Repeat the problem above, but reverse the order of the two legs of the walk; show that you get the same final result. That is, you first walk leg B , which is 20.0 m in a direction exactly 40º south of west, and then leg A , which is 12.0 m in a direction exactly 20º west of north. (This problem shows that A+B=B+A.)

SOLUTION:

First, we solve for the x and y components of vectors A and B.

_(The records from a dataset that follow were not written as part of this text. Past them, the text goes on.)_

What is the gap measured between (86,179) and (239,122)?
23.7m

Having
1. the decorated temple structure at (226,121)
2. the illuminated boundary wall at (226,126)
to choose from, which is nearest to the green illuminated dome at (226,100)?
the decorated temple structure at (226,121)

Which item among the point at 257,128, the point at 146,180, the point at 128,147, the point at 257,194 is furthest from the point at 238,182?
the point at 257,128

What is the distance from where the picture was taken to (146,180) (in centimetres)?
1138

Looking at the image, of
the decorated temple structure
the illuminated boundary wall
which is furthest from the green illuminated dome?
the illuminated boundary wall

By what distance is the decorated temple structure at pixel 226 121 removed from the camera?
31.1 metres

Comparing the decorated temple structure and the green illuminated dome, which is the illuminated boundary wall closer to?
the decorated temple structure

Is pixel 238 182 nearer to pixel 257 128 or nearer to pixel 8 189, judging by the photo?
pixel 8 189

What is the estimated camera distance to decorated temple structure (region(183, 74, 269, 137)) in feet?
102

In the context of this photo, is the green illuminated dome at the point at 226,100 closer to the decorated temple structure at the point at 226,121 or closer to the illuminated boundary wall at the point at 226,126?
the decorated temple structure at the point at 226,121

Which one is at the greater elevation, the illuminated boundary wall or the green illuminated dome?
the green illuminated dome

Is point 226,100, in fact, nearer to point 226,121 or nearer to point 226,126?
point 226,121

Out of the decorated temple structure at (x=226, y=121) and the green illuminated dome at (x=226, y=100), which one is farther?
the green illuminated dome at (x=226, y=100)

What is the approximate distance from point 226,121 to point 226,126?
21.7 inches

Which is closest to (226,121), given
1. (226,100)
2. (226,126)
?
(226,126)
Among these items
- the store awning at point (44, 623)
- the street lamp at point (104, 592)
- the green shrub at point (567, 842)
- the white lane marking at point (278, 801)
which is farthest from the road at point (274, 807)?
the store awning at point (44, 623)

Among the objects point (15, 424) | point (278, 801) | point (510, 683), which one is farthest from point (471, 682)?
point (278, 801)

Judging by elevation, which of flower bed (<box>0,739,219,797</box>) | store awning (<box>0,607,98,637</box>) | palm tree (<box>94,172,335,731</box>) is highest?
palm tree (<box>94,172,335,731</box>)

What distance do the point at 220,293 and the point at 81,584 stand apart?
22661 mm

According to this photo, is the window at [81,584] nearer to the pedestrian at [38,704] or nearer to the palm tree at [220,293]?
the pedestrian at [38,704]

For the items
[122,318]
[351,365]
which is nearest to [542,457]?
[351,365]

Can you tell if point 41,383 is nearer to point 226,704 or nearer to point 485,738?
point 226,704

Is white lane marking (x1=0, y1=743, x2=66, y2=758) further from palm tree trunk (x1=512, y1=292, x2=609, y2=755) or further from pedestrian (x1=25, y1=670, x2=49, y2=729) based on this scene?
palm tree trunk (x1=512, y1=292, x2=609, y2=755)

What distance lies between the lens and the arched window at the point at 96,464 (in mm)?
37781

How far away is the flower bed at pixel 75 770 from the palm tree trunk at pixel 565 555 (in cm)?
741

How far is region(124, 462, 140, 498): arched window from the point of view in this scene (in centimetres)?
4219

For vector A, the components are: $A_x=-\left(12.0\:m\right)sin\:\left(20^{\circ} \right)=-4.1042\:m$ $A_y=\left(12.0\:m\right)cos\left(20^{\circ} \right)=11.2763\:m$

For vector B, the components are: $B_x=-\left(20\:m\right)cos\left(40^{\circ} \right)=-15.3209\:m$ $B_y=-\left(20\:m\right)sin\:\left(40^{\circ} \right)=-12.8557\:m$

Since we know the components, we can now solve for the resultant vector R by adding the components together.

The resultant of the x-components is: $R_x=A_x+B_x=-4.1042+\left(-15.3209\right)=-19.4251\:m$

The resultant of the y-components is: $R_y=A_y+B_y=11.2763+\left(-12.8557\right)=-1.5794\:m$

The magnitude of the resultant can be solved using the Pythagorean Theorem. That is: $R=\sqrt{\left(R_x\right)^2+\left(R_y\right)^2}=\sqrt{\left(-19.4251\right)^2+\left(-1.5794\right)^2}=19.4892\:m$

The compass direction is $\theta =tan^{-1}\left|\frac{R_y}{R_x}\right|=tan^{-1}\left(\frac{1.5794}{19.4251}\right)=4.6483^{\circ}$

The compass direction is $4.6483^{\circ} \:South\:of\:West$.

No matter what is the order of the vectors we are adding, the result is still the same. This proves that $\vec{A}+\vec{B}=\vec{B}+\vec{A}$.